■ SUPPLIED DATA

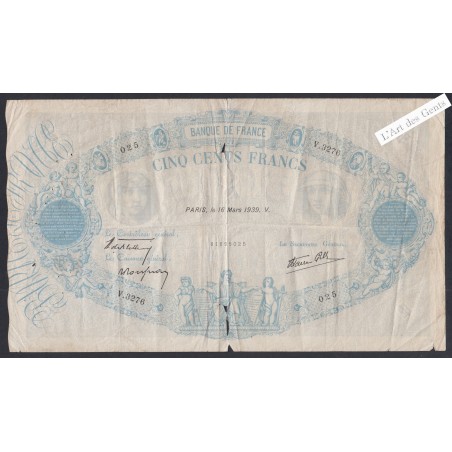 500 Francs Bleu et Rose - V.3276 025 - 1939 -  lartdesgents.fr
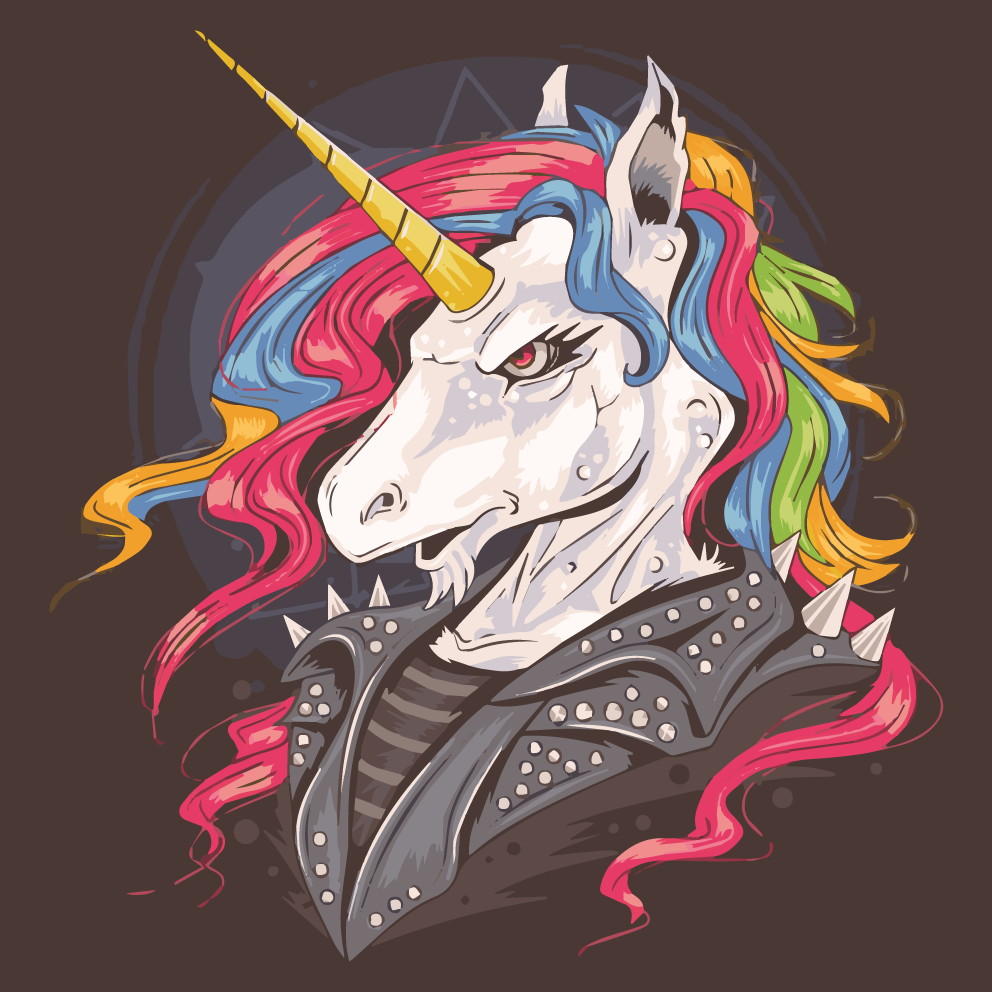 Tapis vinyle animal licorne punk - TenStickers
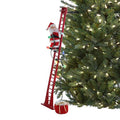 Animated Christmas Climber Decor - 42-Inch Plush Santa with LED Lights & Music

■ ASSIGNMENT
Line for line, retype the material exactly, omitting any pictures.

■ ANSWER TO THIS PROBLEM
 500 Francs Bleu et Rose - V.3276 025 - 1939 -  lartdesgents.fr
 Tapis vinyle animal licorne punk - TenStickers
 Animated Christmas Climber Decor - 42-Inch Plush Santa with LED Lights & Music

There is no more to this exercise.